#### WORK REQUEST
Reproduce the listing below word for word and exclude any picture.

#### EXCERPTED DATA
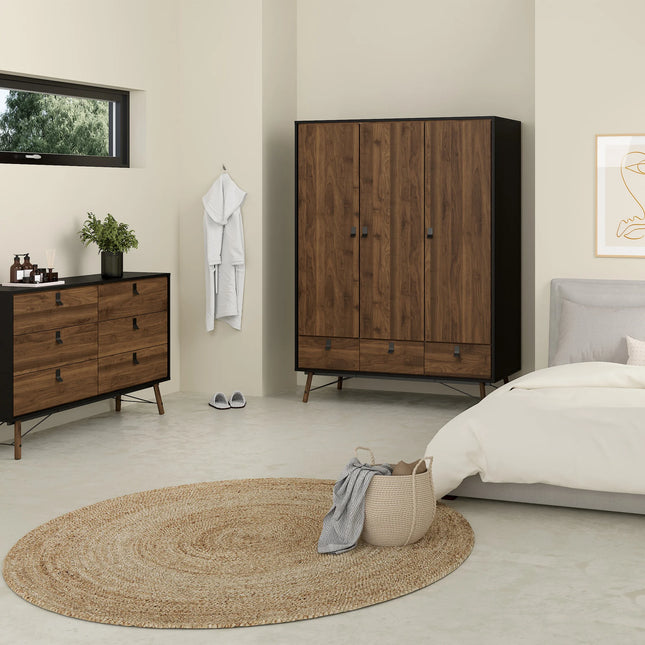 Ry Bedroom Set 3 Door Wardrobe 11 Drawers Modern 200cm High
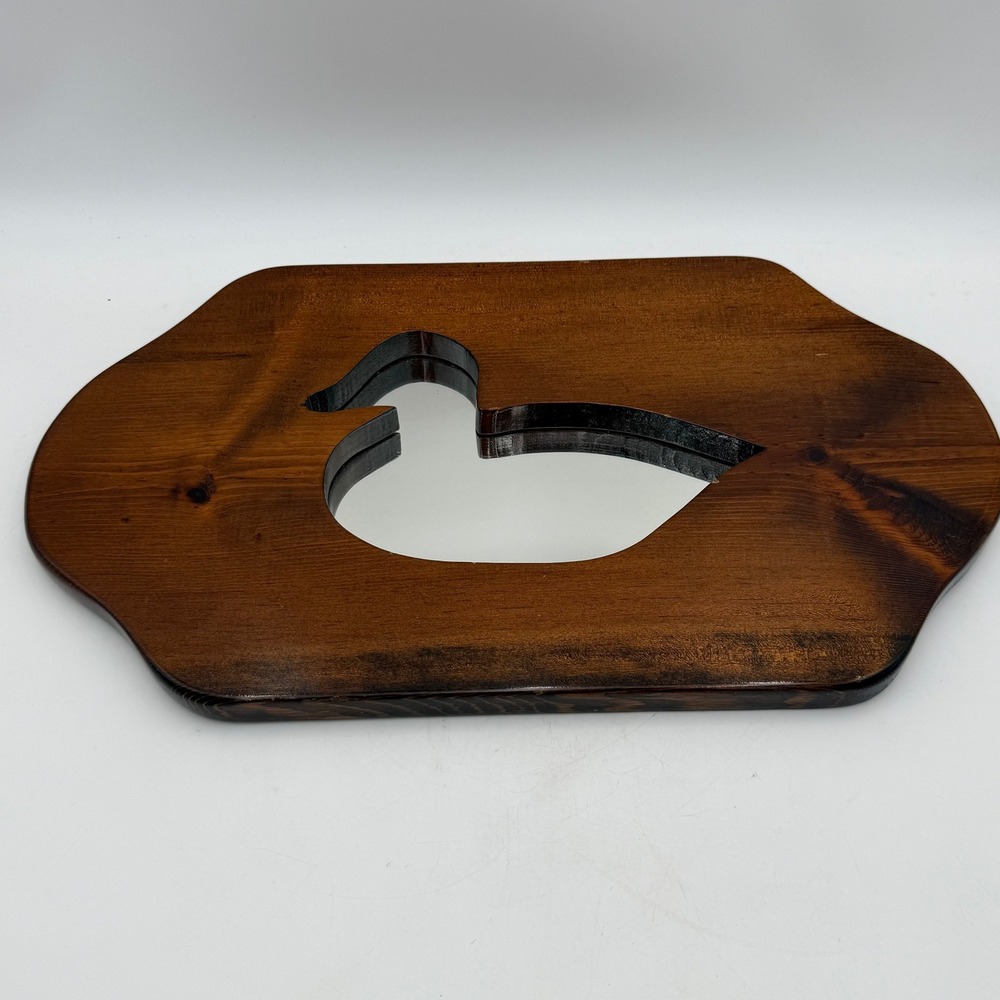 Vintage Rustic Wood Duck Silhouette Wall Mirror Cabin Lodge Decor 18 Inch
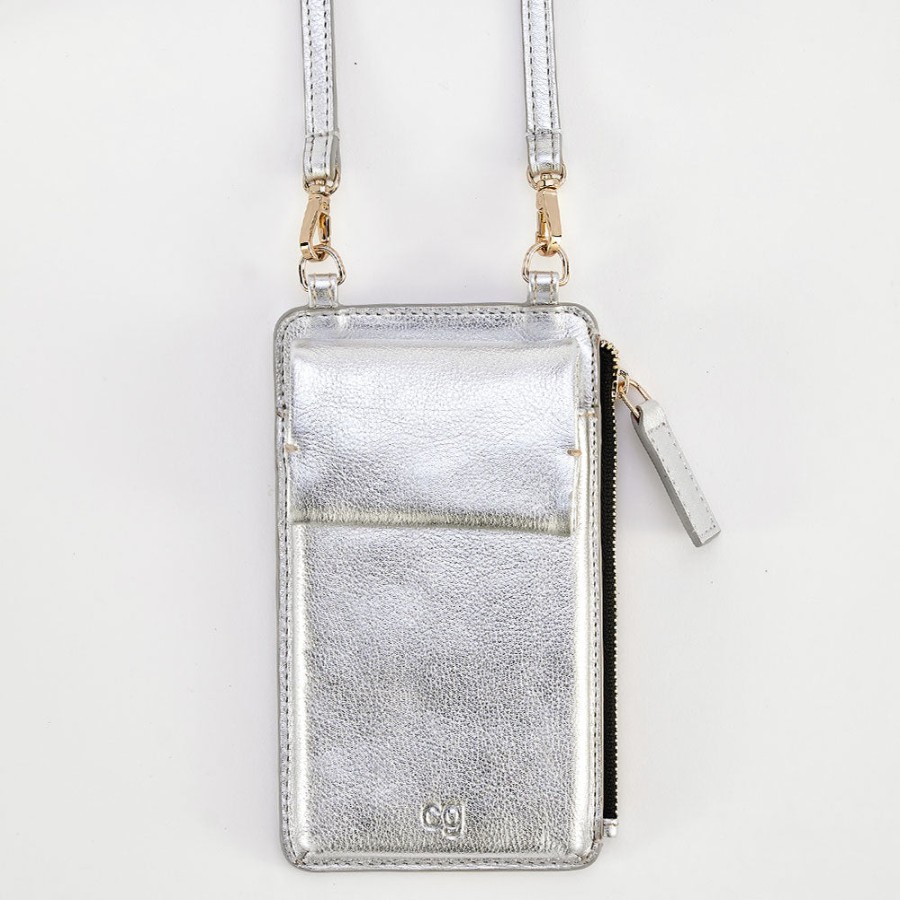 Best Caroline Gardner Silver Leather Phone Bag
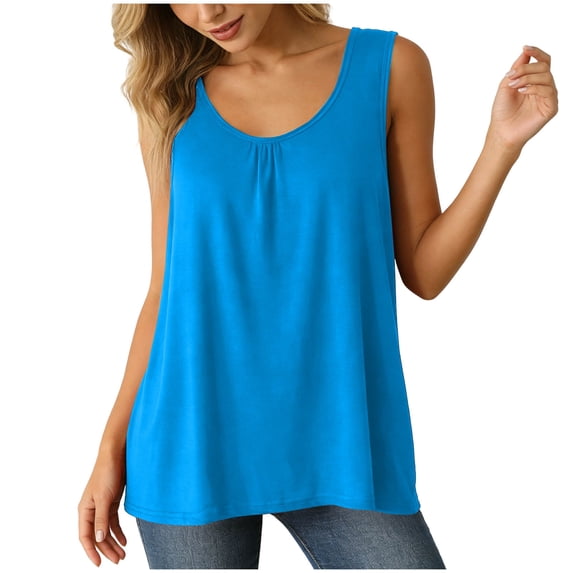 Admvng Womens Casual Comfortable Solid Sleeveless Round Neck Flowy Tank Top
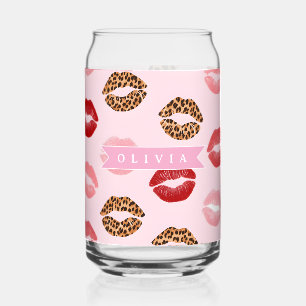 Verre Canette Imprimé léopard rose chic personnalisé sur les lèv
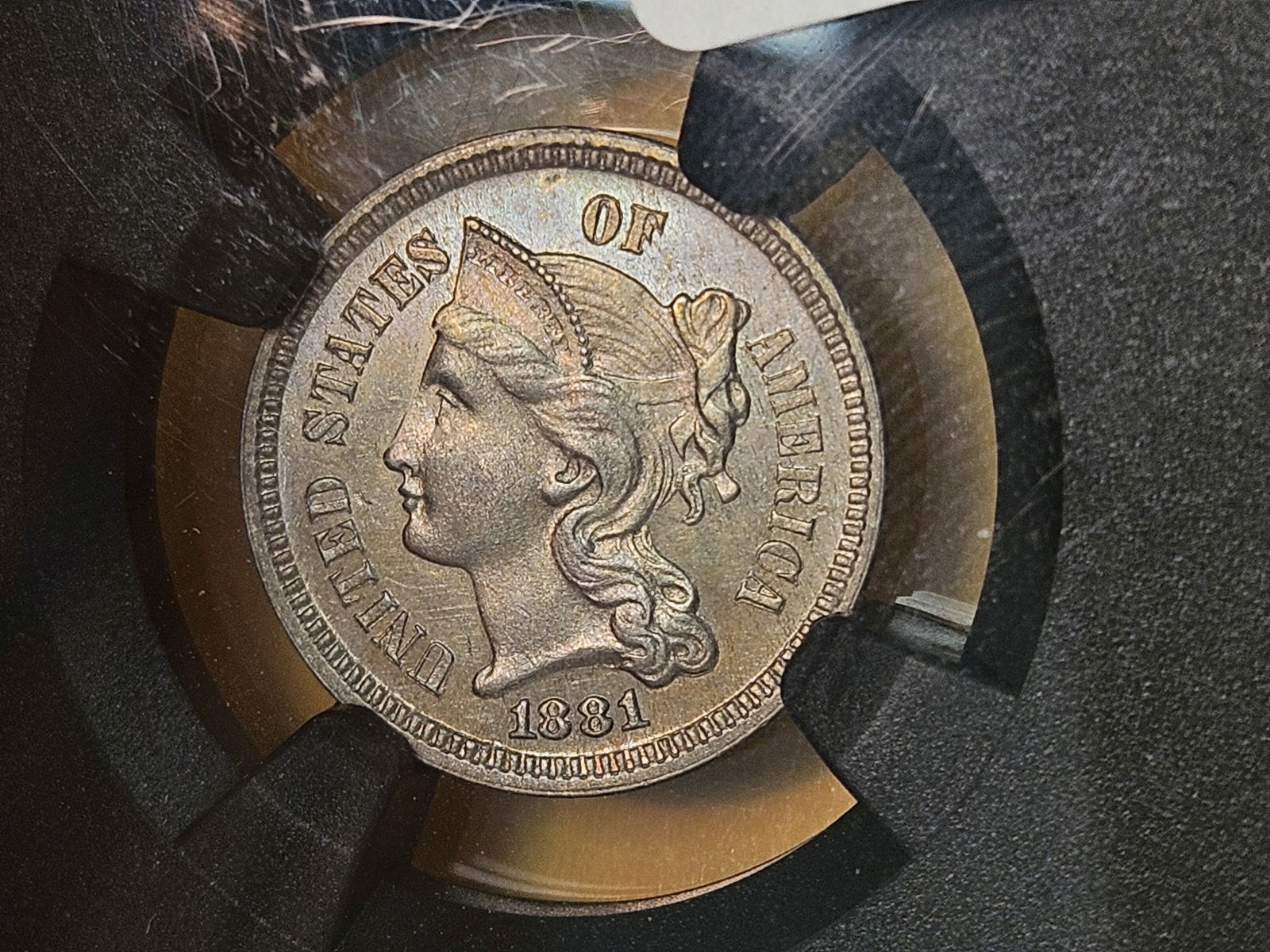 ** NGC VAULTBOX ** 1881 Three Cent Nickel in Proof 62! - 6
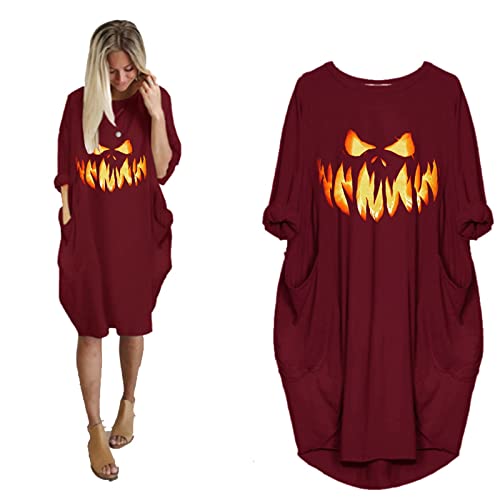 QUFECH Adult Women Halloween Costumes, Costumes For Alice In Wonderland Costume Girls 44783 Hallowmas Print Long Sleeve Tunic Dresses Pockets Plus Size T-Shirt Dress Women's Casual Loose (XL, Wine)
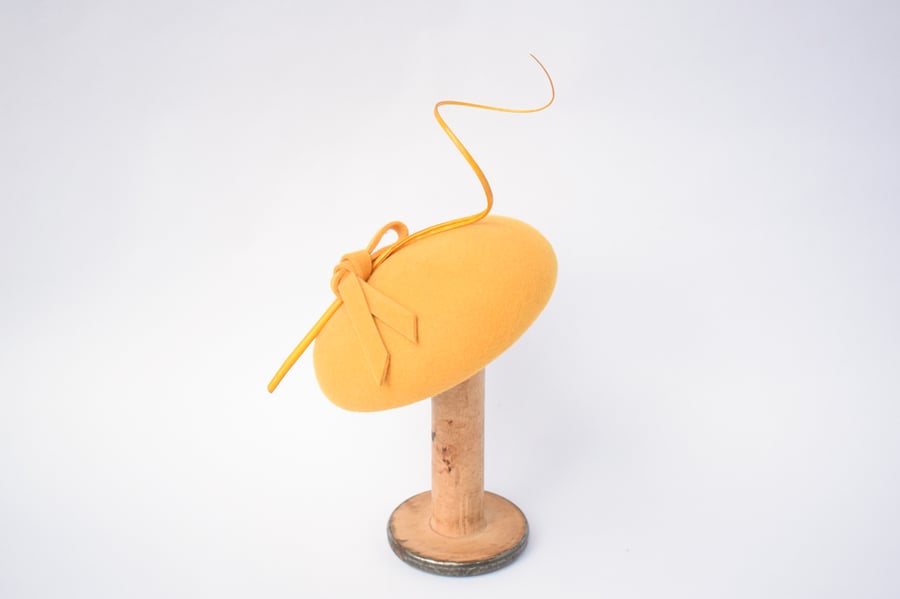 Yellow Felt Wedding Hat - Womens Races Headpiece - Millinery 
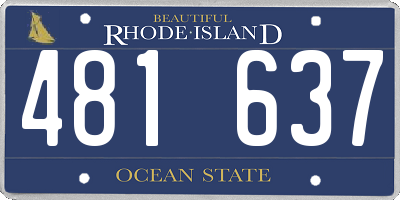 RI license plate 481637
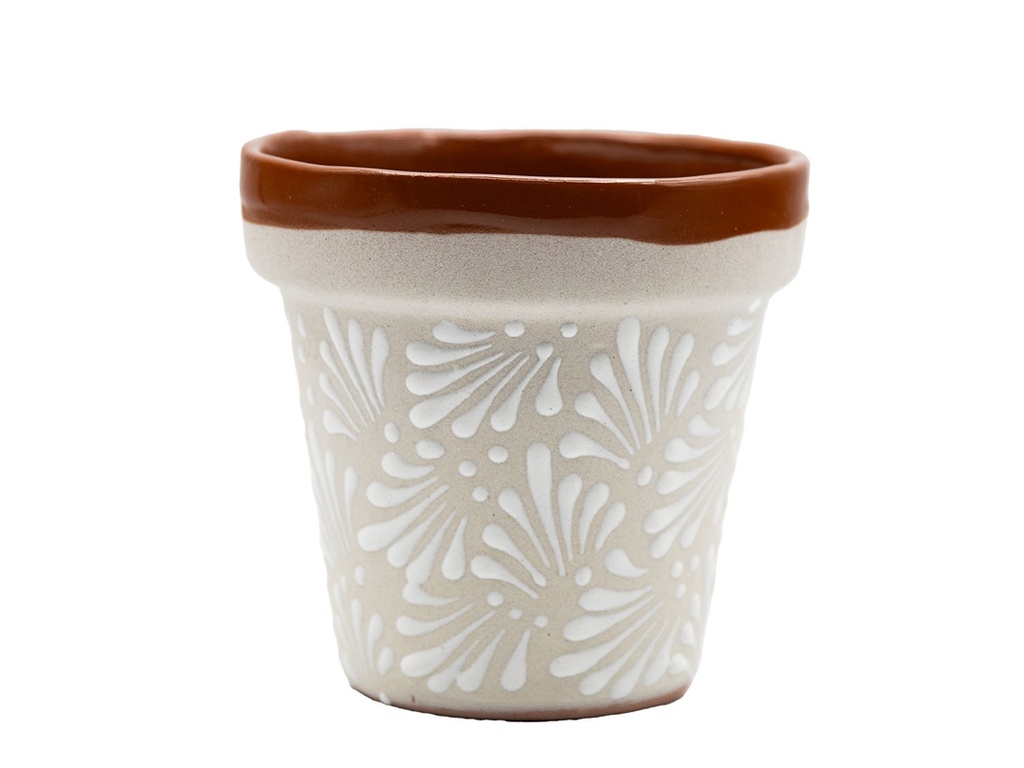 GARDEN VASE POT, MEDIUM, 6" x 6.5", CHRYSANTHEMUM WHITE, SOLD IN CASE OF 4
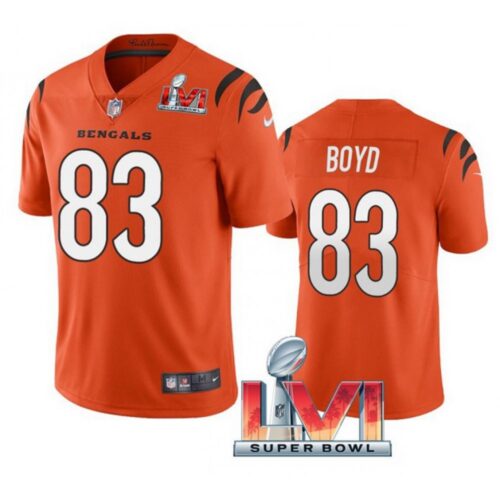 68615c368cef6_1 Men's Cincinnati Bengals #83 Tyler Boyd 2022 Orange Super Bowl LVI Vapor Limited Stitched Jersey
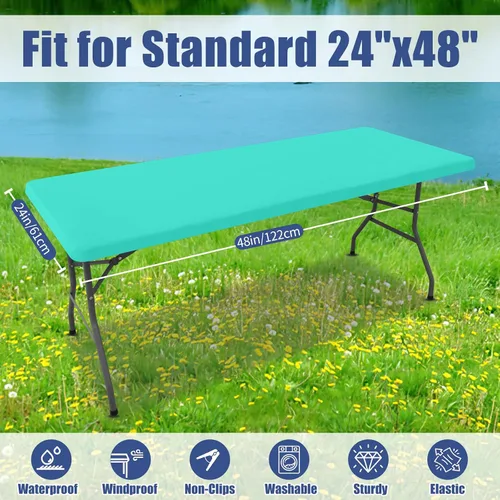 Vista 8 de Moosfor Mantel rectangular de elastano de 4 pies, manteles elásticos ajustables para pícnic, funda elástica y lavable para mesa de patio para Azul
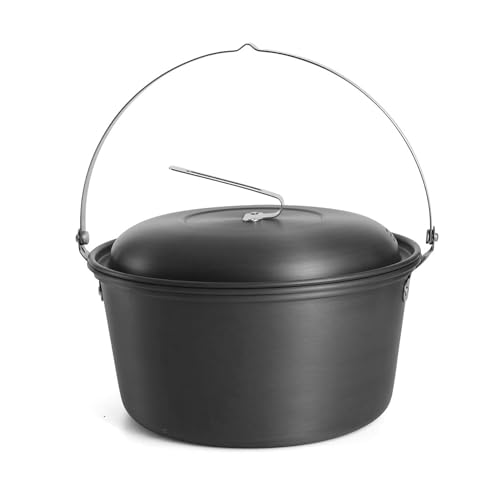 Funien Camping Cook Pot Alumina Suspending Pot mit Deckel Ultralight Stockpot mit Zwei Faltbaren Griffen Tragbar Im Freien Kochgeschirr für 2-3 Personen (Typ 2) von Funien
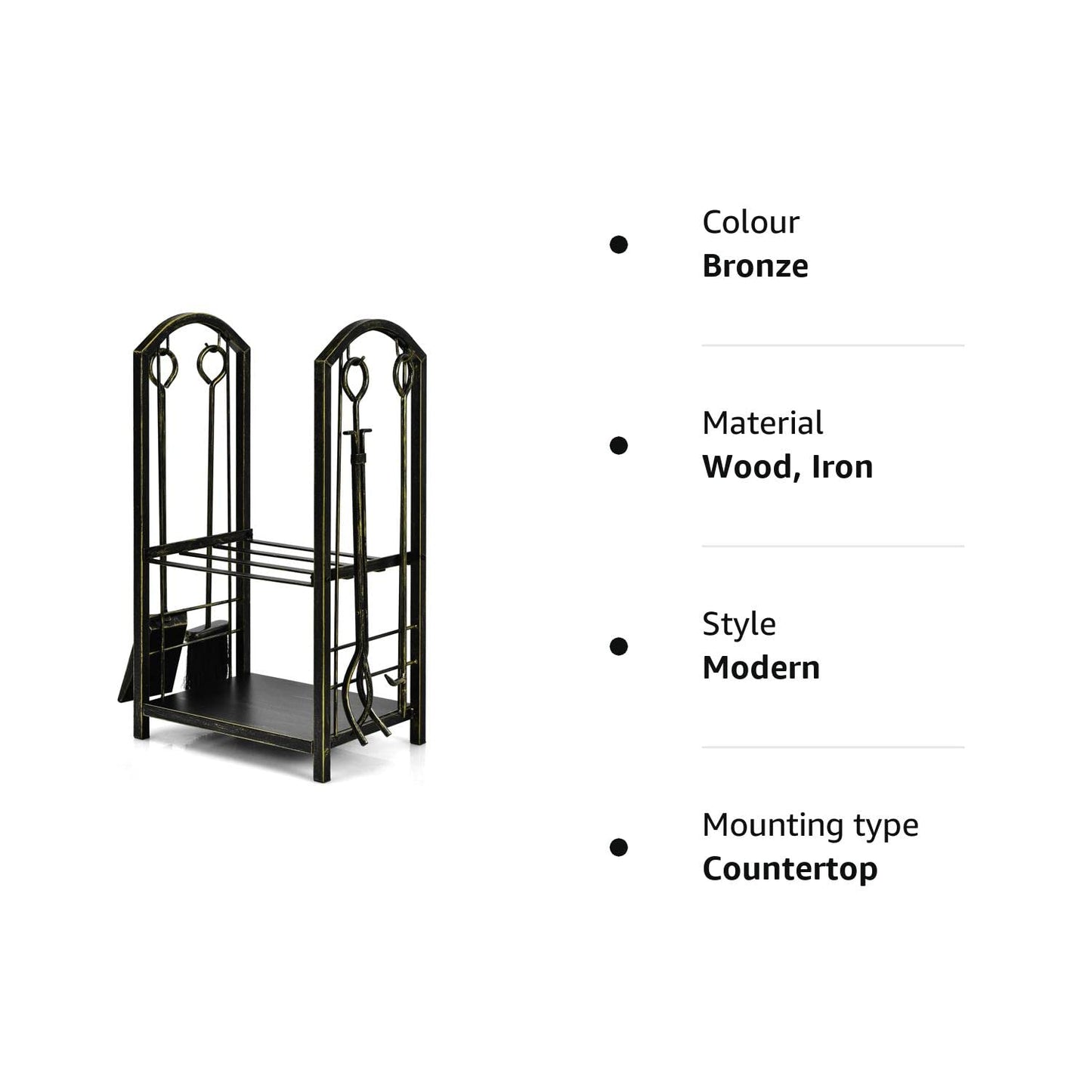 GiantexUK Metal Firewood Rack, Heavy Duty Fireplace Log Holder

#### EXPECTED OUTPUT
 Ry Bedroom Set 3 Door Wardrobe 11 Drawers Modern 200cm High
 Vintage Rustic Wood Duck Silhouette Wall Mirror Cabin Lodge Decor 18 Inch
 Best Caroline Gardner Silver Leather Phone Bag
 Admvng Womens Casual Comfortable Solid Sleeveless Round Neck Flowy Tank Top
 Verre Canette Imprimé léopard rose chic personnalisé sur les lèv
 ** NGC VAULTBOX ** 1881 Three Cent Nickel in Proof 62! - 6
 QUFECH Adult Women Halloween Costumes, Costumes For Alice In Wonderland Costume Girls 44783 Hallowmas Print Long Sleeve Tunic Dresses Pockets Plus Size T-Shirt Dress Women's Casual Loose (XL, Wine)
 Yellow Felt Wedding Hat - Womens Races Headpiece - Millinery 
 RI license plate 481637
 GARDEN VASE POT, MEDIUM, 6" x 6.5", CHRYSANTHEMUM WHITE, SOLD IN CASE OF 4
 68615c368cef6_1 Men's Cincinnati Bengals #83 Tyler Boyd 2022 Orange Super Bowl LVI Vapor Limited Stitched Jersey
 Vista 8 de Moosfor Mantel rectangular de elastano de 4 pies, manteles elásticos ajustables para pícnic, funda elástica y lavable para mesa de patio para Azul
 Funien Camping Cook Pot Alumina Suspending Pot mit Deckel Ultralight Stockpot mit Zwei Faltbaren Griffen Tragbar Im Freien Kochgeschirr für 2-3 Personen (Typ 2) von Funien
 GiantexUK Metal Firewood Rack, Heavy Duty Fireplace Log Holder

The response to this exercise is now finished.